INSTRUCTIONS TO FOLLOW
If pictures appear in the lines below, skip them and copy exactly the lines from the one containing "Snap Supplements Nitric" through the one containing "Sophia Leiseberg Clausing on Sysoon", and nothing else.

TASK INPUT
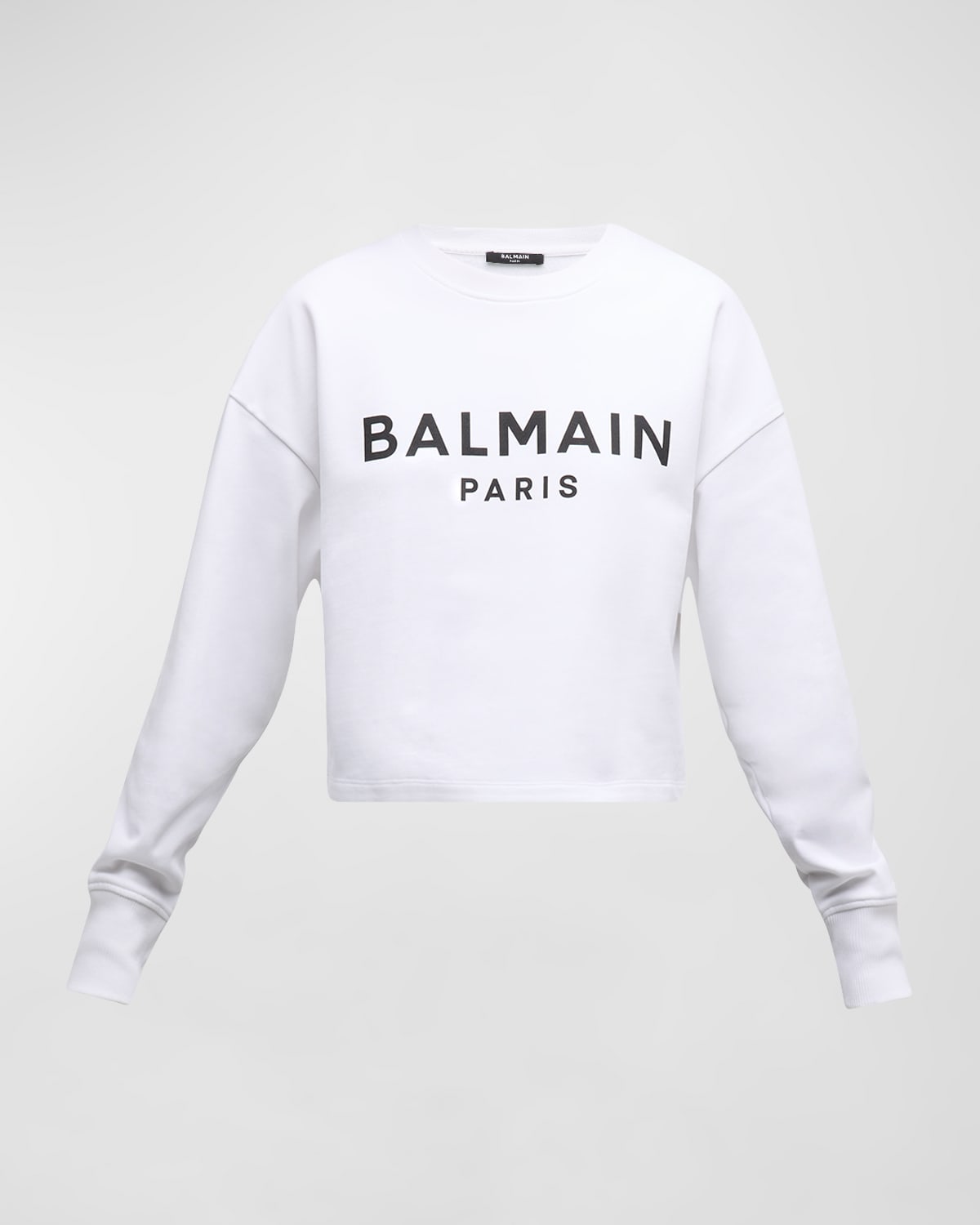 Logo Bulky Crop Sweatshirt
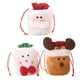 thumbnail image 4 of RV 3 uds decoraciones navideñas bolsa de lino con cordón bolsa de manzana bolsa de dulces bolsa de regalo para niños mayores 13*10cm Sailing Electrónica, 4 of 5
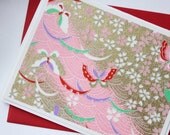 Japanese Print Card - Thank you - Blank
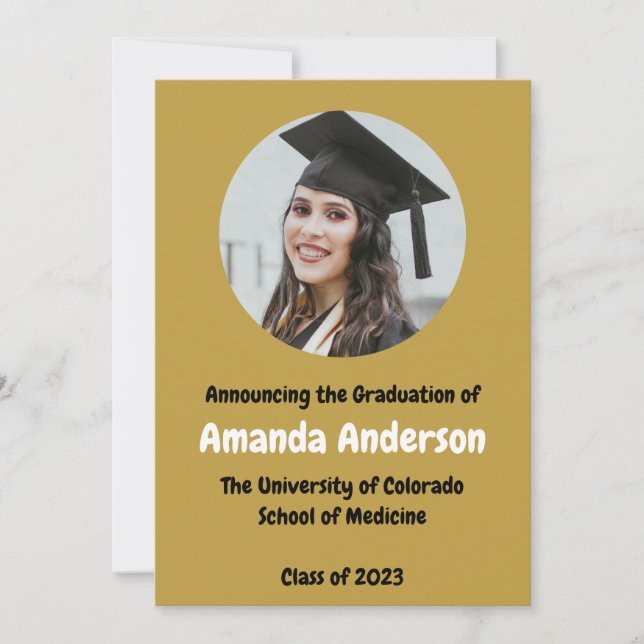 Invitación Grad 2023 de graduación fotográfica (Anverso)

* * *

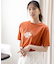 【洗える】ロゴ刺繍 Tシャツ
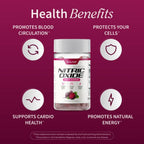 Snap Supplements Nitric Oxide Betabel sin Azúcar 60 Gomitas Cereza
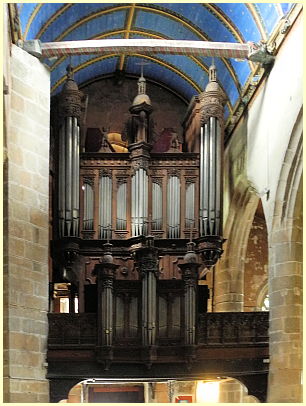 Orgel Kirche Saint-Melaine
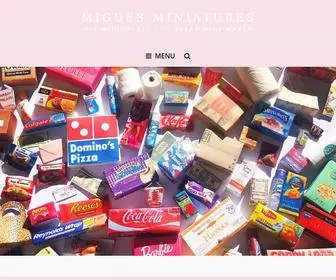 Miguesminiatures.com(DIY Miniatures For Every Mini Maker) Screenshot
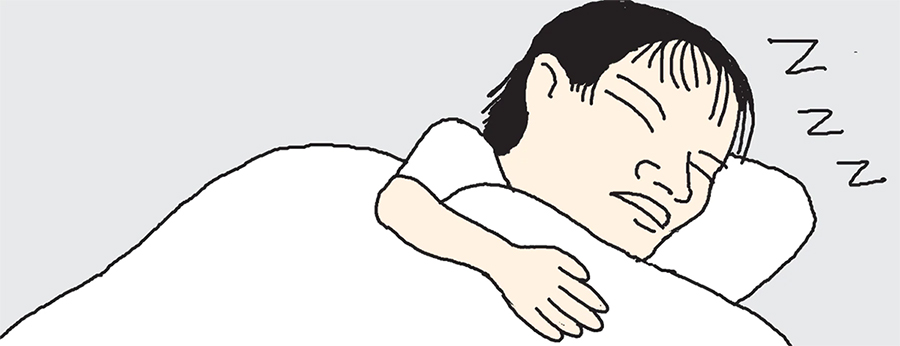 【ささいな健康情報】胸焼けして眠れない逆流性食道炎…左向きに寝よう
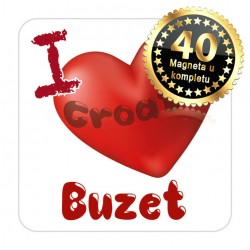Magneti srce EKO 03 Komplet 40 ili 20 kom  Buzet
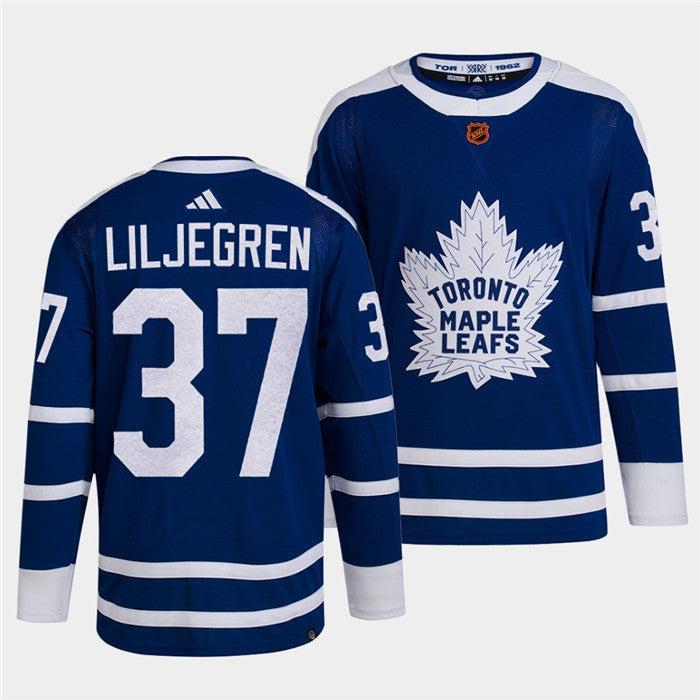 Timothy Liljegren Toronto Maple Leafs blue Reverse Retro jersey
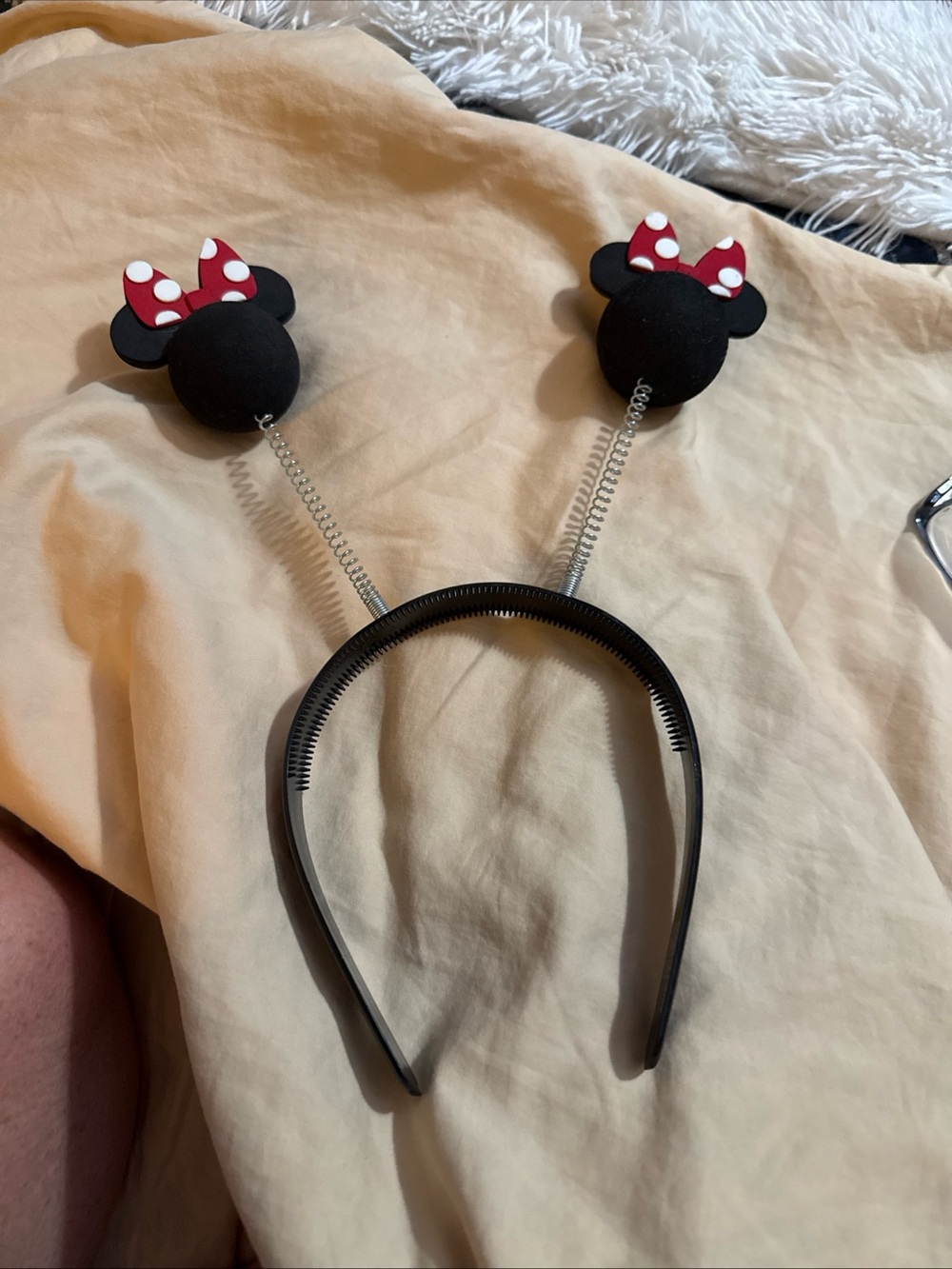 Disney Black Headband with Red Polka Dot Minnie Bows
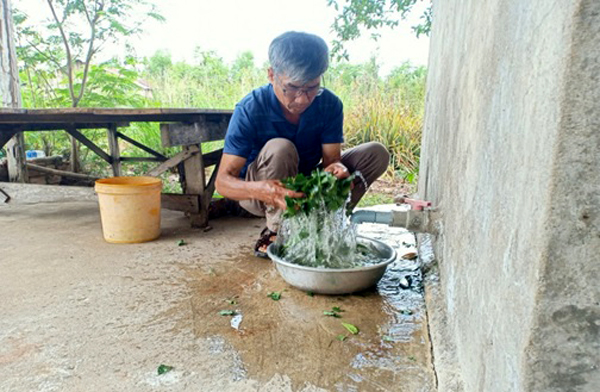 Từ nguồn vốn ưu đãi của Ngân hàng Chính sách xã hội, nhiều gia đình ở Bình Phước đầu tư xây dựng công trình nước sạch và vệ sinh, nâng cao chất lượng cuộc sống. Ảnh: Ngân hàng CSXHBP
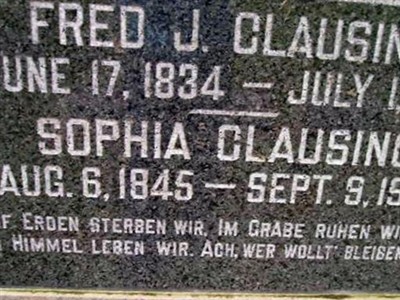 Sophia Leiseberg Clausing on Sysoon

ANSWER SECTION
 Snap Supplements Nitric Oxide Betabel sin Azúcar 60 Gomitas Cereza
 Orgel Kirche Saint-Melaine
 Miguesminiatures.com(DIY Miniatures For Every Mini Maker) Screenshot
 【ささいな健康情報】胸焼けして眠れない逆流性食道炎…左向きに寝よう
Magneti srce EKO 03 Komplet 40 ili 20 kom  Buzet
 Timothy Liljegren Toronto Maple Leafs blue Reverse Retro jersey
 Disney Black Headband with Red Polka Dot Minnie Bows
 Từ nguồn vốn ưu đãi của Ngân hàng Chính sách xã hội, nhiều gia đình ở Bình Phước đầu tư xây dựng công trình nước sạch và vệ sinh, nâng cao chất lượng cuộc sống. Ảnh: Ngân hàng CSXHBP
 Sophia Leiseberg Clausing on Sysoon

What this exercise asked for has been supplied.